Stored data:
[Start of section]
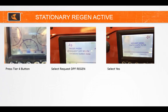To start a Stationary Regen, press the Tier 4 button, scroll down to select Request DPF Regen, press OK, and select Yes. Stay near the unit until the process is complete. The next steps are controlled by the ECU: the exhaust high temp light will come on, the engine will throttle up, exhaust temps will near 1200 degrees Fahrenheit, engine tone will change, and hydraulic load is put on the unit by the ECU. When complete, the engine will return to idle and all Regen lights will be off.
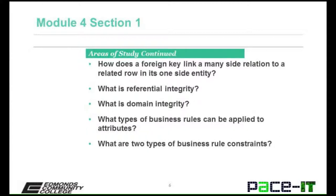Additional questions you should also be able to answer at the end of the module: How does a foreign key link a many-side relation to a related row in its one-side entity? What is referential integrity? What is domain integrity? What types of business rules can be applied to attributes? And what are two types of business rule constraints?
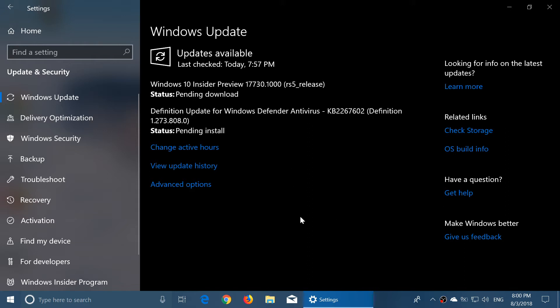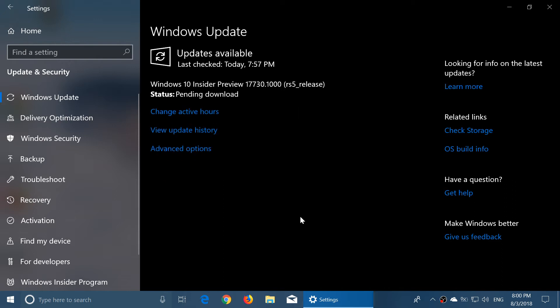Well, build 17730. Fast Ring Insiders, check it out. It's available right now. Of course, as you see here, getting things ready.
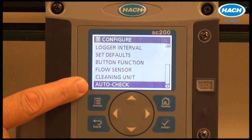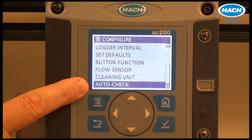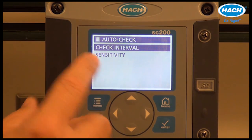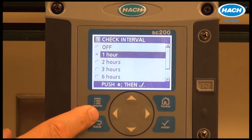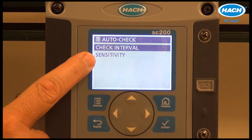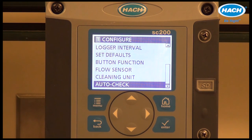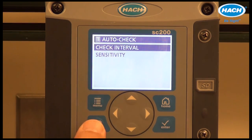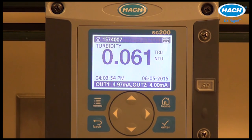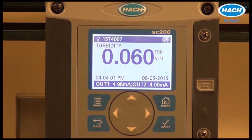Finally, auto-check is a very nice feature that can be set up at a variety of different intervals, with different sensitivities selectable. Auto-check is a tool that can periodically verify the cleanliness and clarity of the vial used in the instrument. This concludes the basic operation of the TU5300 and TU5400 online turbidimeters.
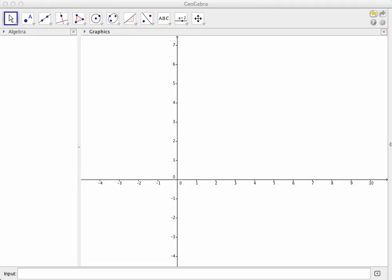Hello, and welcome to the screencast where we're going to see how to plot a point on the graph of a function in GeoGebra.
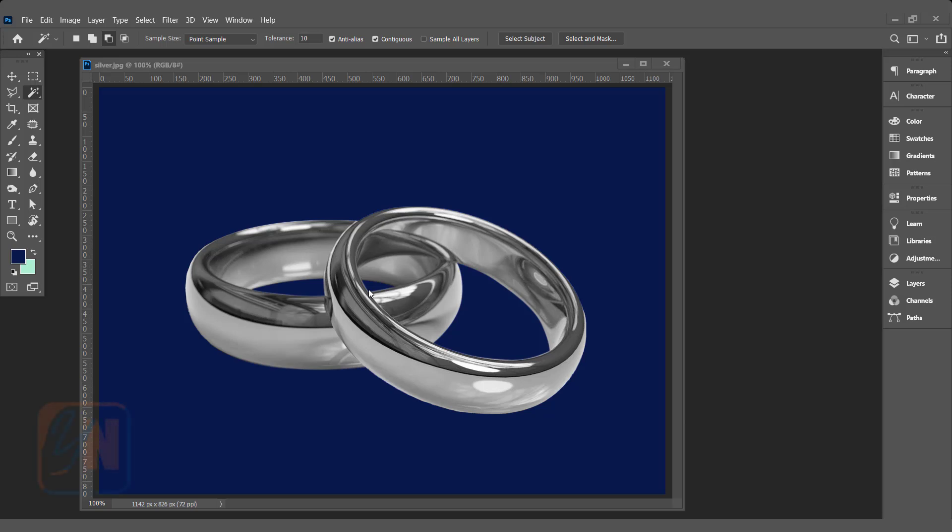Hi, this is lesson number 53 from our Photoshop training series. In this exercise we are going to learn how to turn shiny silver to gold using two different methods. Here in my screen I have a silver ring and I'm going to use it for demonstration.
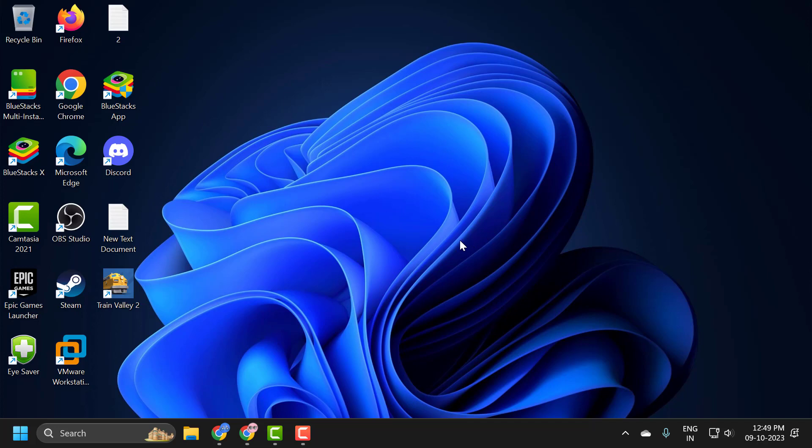Hello guys, welcome to my channel. Today we're going to see how to resolve if your Windows Speech Recognition is not working properly on your Windows 10 or Windows 11 computer. Let's fix it.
[End of section]
WORK REQUIRED: Print exactly the line containing "Finally, auto-check is" and every line after it through the final line above, and leave all pictures out.

EXERCISE RESPONSE:
Finally, auto-check is a very nice feature that can be set up at a variety of different intervals, with different sensitivities selectable. Auto-check is a tool that can periodically verify the cleanliness and clarity of the vial used in the instrument. This concludes the basic operation of the TU5300 and TU5400 online turbidimeters.
Hello, and welcome to the screencast where we're going to see how to plot a point on the graph of a function in GeoGebra.
Hi, this is lesson number 53 from our Photoshop training series. In this exercise we are going to learn how to turn shiny silver to gold using two different methods. Here in my screen I have a silver ring and I'm going to use it for demonstration.
Hello guys, welcome to my channel. Today we're going to see how to resolve if your Windows Speech Recognition is not working properly on your Windows 10 or Windows 11 computer. Let's fix it.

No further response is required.